The calls per server is probably not the difficult part - this is the type of scale where you start hitting much, much harder problems, e.g.:

- Load balancing across regions [0] without significant latency overhead

- Service-to-service mesh/discovery that scales with less than O(# of servers)

- Reliable processing (retries without causing retry storms, optimistic hedging)

- Coordinating error handling and observability

All without the engineers actually writing the functions needing to know anything about the system (which requires airtight reliability, abstractions, observability).

I don't mean to comment on whether this is impressive or not, just pointing out that per-server throughput would never be the difficult part of reaching this scale.

[0] And apparently for this system, load balancing across time, which is at least a mildly interesting way of thinking about it

booi · on Oct 23, 2023

That doesn’t sound right… maybe per user?

eddtries · on Oct 23, 2023

1 Trillion function calls over 100,000 servers. Technically they say trillions over hundreds of thousands, but I went for the lower case.

1,000,000,000,000 / 100,000 = 10,000,000

10,000,000 / 24 / 3600 = 115.7

xxs · on Oct 23, 2023

We don't know what the servers are; dual socket EPIC, i.e. 128cores, makes the number look beyond trivial.

kunley · on Oct 23, 2023

So... 115.7 rps doesn't sound groundbreaking, right?

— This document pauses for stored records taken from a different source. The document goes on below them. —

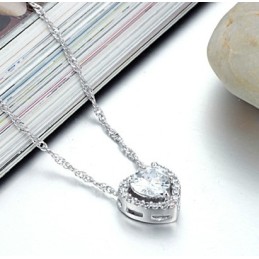 Collana In Titanio Placcata In Platino Con Strass, Di Qualità Affidabile, Per Donna.
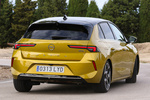 Opel Astra PHEV 1.6 Turbo 132 kW (180 CV) AT8 Ultimate PHEV Turismo Kult Yellow Exterior Posterior-Lateral 5 puertas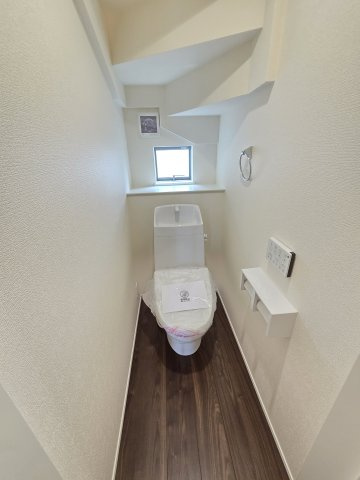 新築　桐生市相生町2丁目01期　1号棟　LIGNAGEのトイレ|現地写真　トイレは洗浄機能付きです！壁面収納も嬉しいですね♪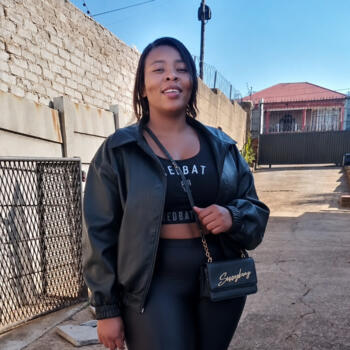 Babysitter Germiston: Christina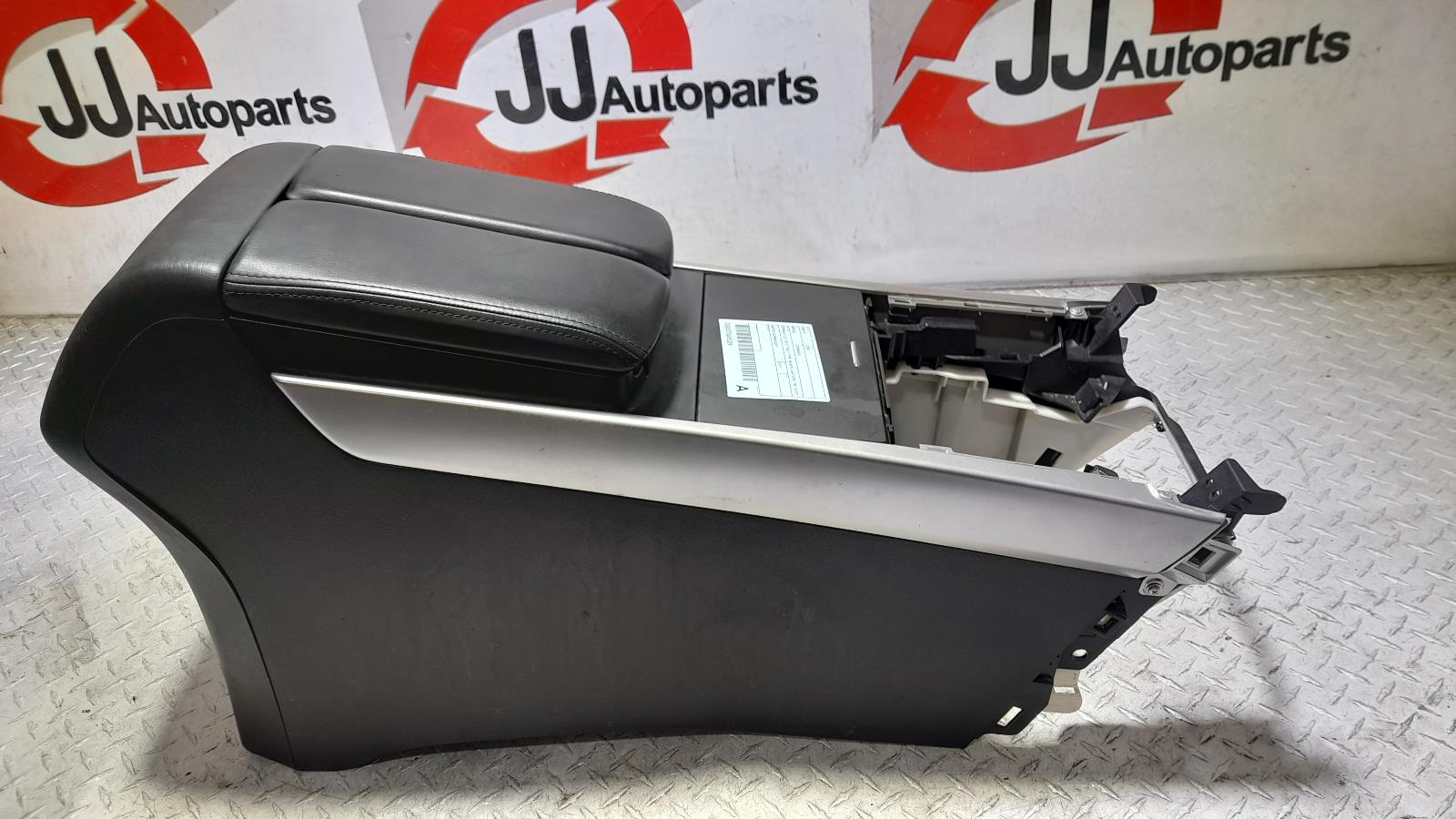 View Auto part Console Mazda Cx9 2015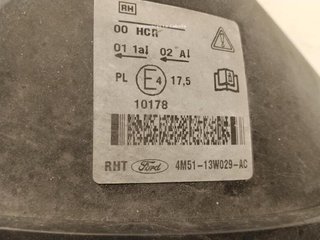 Faro derecho 1480985 ford focus ii sedan 23167391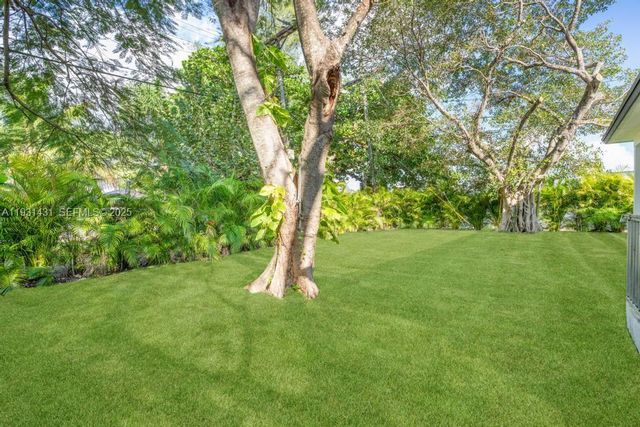 755 NW 83 ST, Miami, FL 33150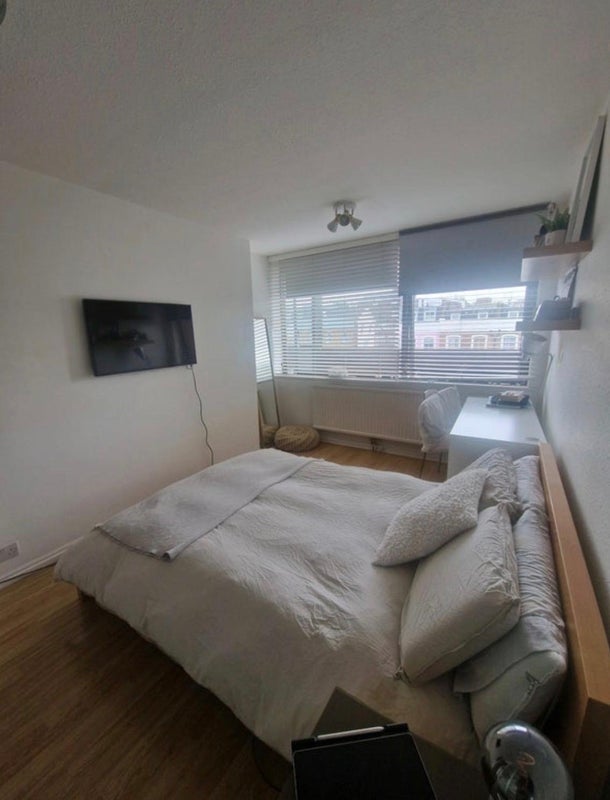 Room Camborne Mews in Greater London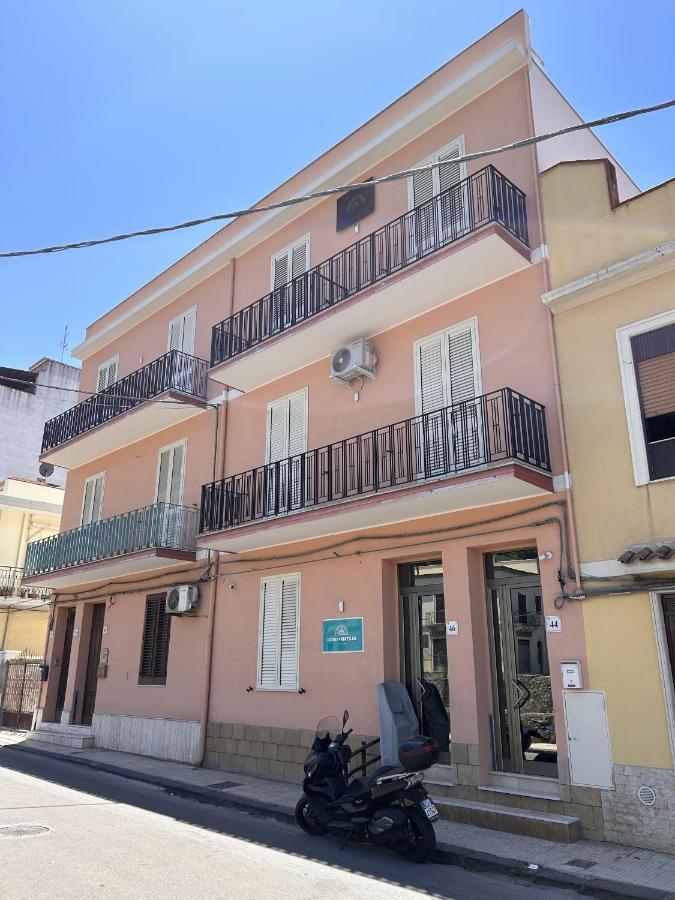 La Casa Di Matilde Hotell Barcellona-Pozzo di Gotto Exteriör bild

eddtries · on Oct 23, 2023

Was just trying to break the number down to something more easy to understand, I don’t know enough if this is impressive or not! Depends on the complexity of the request, and I guess the complexity of routing that many requests over such a large network. I’ve never worked at that scale.

nick0garvey · on Oct 23, 2023

This isn't unreasonable. ML workloads benefit from more computational time per request. Lower QPS = better results.